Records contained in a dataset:
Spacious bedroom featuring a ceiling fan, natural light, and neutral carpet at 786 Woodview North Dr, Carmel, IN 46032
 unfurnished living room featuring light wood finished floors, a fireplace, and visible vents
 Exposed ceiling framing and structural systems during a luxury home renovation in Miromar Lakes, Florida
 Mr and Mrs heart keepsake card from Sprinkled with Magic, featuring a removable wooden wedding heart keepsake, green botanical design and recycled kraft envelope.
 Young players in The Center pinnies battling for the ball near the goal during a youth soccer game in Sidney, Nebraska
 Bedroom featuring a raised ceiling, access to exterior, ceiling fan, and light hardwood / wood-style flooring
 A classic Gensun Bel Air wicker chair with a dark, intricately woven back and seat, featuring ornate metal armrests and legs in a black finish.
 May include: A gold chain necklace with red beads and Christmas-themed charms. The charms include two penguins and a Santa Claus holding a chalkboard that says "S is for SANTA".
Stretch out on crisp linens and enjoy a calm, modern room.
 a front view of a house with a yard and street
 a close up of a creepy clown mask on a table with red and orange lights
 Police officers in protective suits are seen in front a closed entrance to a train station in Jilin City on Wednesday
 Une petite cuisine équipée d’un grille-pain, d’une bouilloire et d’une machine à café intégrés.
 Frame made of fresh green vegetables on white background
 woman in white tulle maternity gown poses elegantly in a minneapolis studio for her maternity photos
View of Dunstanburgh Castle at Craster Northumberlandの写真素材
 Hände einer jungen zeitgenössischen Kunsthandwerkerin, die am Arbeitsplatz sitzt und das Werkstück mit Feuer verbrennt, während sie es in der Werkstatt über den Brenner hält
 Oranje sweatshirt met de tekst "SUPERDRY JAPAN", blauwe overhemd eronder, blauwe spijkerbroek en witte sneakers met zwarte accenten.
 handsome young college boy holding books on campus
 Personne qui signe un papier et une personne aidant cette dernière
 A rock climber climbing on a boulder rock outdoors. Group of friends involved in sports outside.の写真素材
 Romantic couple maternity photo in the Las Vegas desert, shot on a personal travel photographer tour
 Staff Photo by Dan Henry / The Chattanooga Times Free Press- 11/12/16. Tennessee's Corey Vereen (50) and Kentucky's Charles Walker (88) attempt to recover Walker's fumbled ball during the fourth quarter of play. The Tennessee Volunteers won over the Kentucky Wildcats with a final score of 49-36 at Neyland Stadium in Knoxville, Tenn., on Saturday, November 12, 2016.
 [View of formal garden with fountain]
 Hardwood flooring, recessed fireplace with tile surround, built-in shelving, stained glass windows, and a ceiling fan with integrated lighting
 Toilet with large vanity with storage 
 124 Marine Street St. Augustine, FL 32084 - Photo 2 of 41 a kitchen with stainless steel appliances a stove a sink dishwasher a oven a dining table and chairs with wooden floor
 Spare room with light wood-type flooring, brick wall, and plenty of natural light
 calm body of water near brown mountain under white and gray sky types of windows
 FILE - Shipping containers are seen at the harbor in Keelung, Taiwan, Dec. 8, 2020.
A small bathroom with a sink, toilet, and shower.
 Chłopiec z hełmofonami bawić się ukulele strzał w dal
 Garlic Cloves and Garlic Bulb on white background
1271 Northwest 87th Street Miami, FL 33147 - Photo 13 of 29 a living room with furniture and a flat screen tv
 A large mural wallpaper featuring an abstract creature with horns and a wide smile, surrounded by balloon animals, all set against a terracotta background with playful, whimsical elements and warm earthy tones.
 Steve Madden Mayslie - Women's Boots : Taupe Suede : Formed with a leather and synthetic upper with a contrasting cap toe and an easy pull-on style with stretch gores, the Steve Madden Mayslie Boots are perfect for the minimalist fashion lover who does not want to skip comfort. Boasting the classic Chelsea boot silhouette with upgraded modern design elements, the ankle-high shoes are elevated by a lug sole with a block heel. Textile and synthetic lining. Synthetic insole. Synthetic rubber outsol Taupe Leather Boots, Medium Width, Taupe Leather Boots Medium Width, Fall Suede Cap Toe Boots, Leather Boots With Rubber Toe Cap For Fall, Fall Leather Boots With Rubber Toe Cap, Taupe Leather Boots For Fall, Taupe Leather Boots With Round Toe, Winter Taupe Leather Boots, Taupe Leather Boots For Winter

▸ Description of the task: Your answer must be the lines from the first line of the entries above through the line that contains "a close up of", written out exactly.

▸ Exercise solution:
Spacious bedroom featuring a ceiling fan, natural light, and neutral carpet at 786 Woodview North Dr, Carmel, IN 46032
 unfurnished living room featuring light wood finished floors, a fireplace, and visible vents
 Exposed ceiling framing and structural systems during a luxury home renovation in Miromar Lakes, Florida
 Mr and Mrs heart keepsake card from Sprinkled with Magic, featuring a removable wooden wedding heart keepsake, green botanical design and recycled kraft envelope.
 Young players in The Center pinnies battling for the ball near the goal during a youth soccer game in Sidney, Nebraska
 Bedroom featuring a raised ceiling, access to exterior, ceiling fan, and light hardwood / wood-style flooring
 A classic Gensun Bel Air wicker chair with a dark, intricately woven back and seat, featuring ornate metal armrests and legs in a black finish.
 May include: A gold chain necklace with red beads and Christmas-themed charms. The charms include two penguins and a Santa Claus holding a chalkboard that says "S is for SANTA".
Stretch out on crisp linens and enjoy a calm, modern room.
 a front view of a house with a yard and street
 a close up of a creepy clown mask on a table with red and orange lights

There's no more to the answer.